SI online: Thomas Spielmann, Simonetta Sommaruga und ihr Mann wollen mit getrennten Wohnungen die Ehe wiederbeleben. Funktioniert diese Methode?
Thomas Spielmann: Man muss immer die Geschichte eines Paares und die Dynamik anschauen. Ein Paar kann sich so neu kennenlernen. Bei anderen Paaren kann es aber auch der Anfang vom Ende sein.
Was erhofft man sich davon?
Wenn man sich sieht, muss man bewusst Qualität in die Beziehung bringen. Man lebt nicht mehr aneinander vorbei, der eine liest nicht in der einen Ecke und und der andere macht etwas in der anderen. Die Alltäglichen Sachen macht man in den unterschiedlichen Wohnungen, wenn man sich sieht, legt man Wert auf Qualität.
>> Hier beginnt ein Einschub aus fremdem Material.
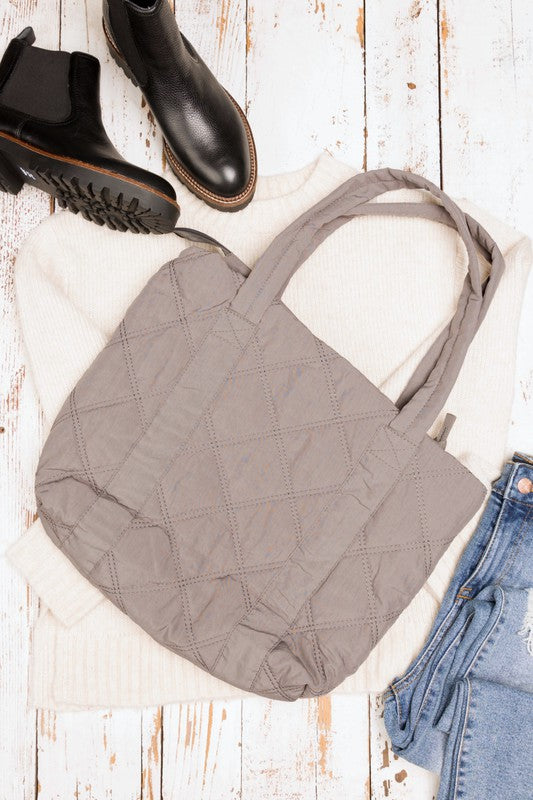 Quilted Tote - Christi's Boutique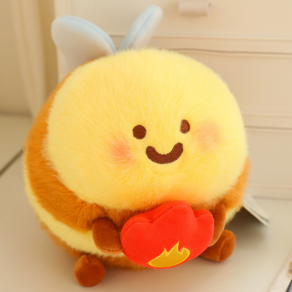 열일하는 부지런한 꿀벌 쿠션 인형, 1개, B, 20cm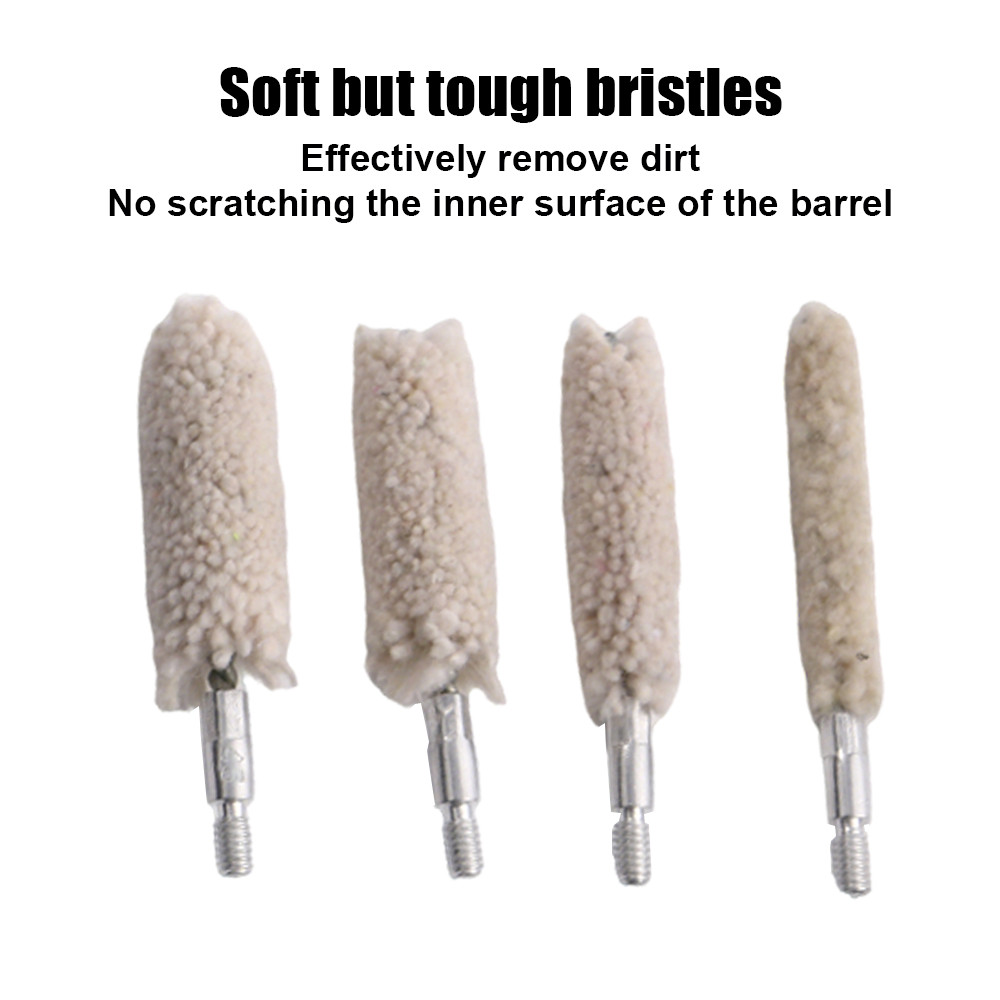 Tactical Gun Cleaning Kit Rifle Pistol Airgun Cleaning Kits with Nylon Bore Brushes for .30/.22/9mm 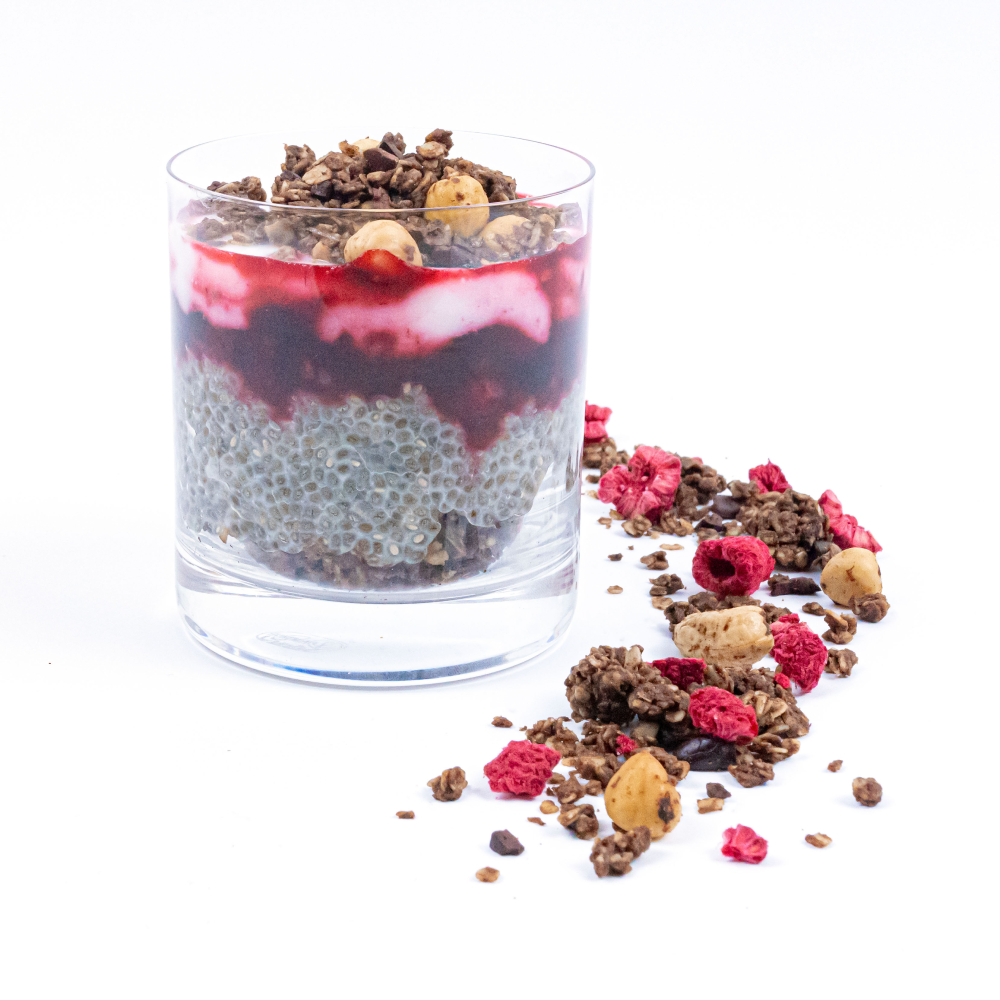 Chia deser z granolą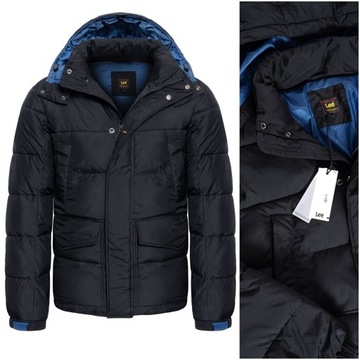 LEE PUFFER JACKET MĘSKA KURTKA ZIMOWA PUCHOWA XL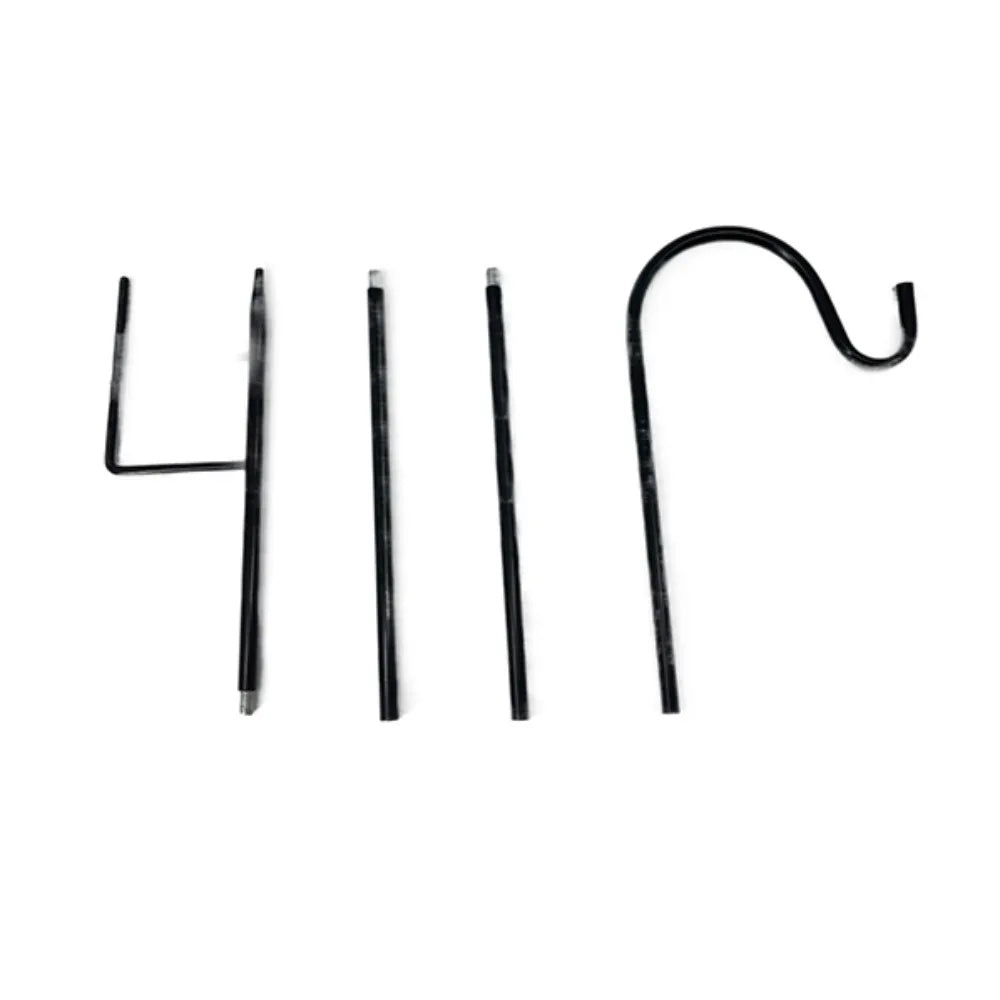 Rust-Proof Metal Shepherd Hook | Detachable Iron Garden Hook Garden Shepherd Hook Oasis Select Style 1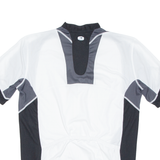 Cycling Mens Jersey White 1/2 Zip L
Man erhofft sich, dass man sich wieder freut, den anderen zu sehen, und wieder Herzklopfen bekommt.
Wann sind getrennte Wohnungen sinnvoll?
Das macht man ja nicht einfach so. Oft hat sich das in der Realität schon eingeschlichen: Einer der Partner war ohnehin schon selten zu Hause, jetzt macht man es einfach noch offiziell und nimmt sich eine Wohnung. In einem zweiten Fall handelt es sich um einen Notfall. Man fängt an, die Beziehung zu zerstören, mit grossen und kleinen Streitereien. Man fängt an sich zu nerven. Dann ist eine räumliche Trennung eine Möglichkeit.
Wie hoch ist die Erfolgschance?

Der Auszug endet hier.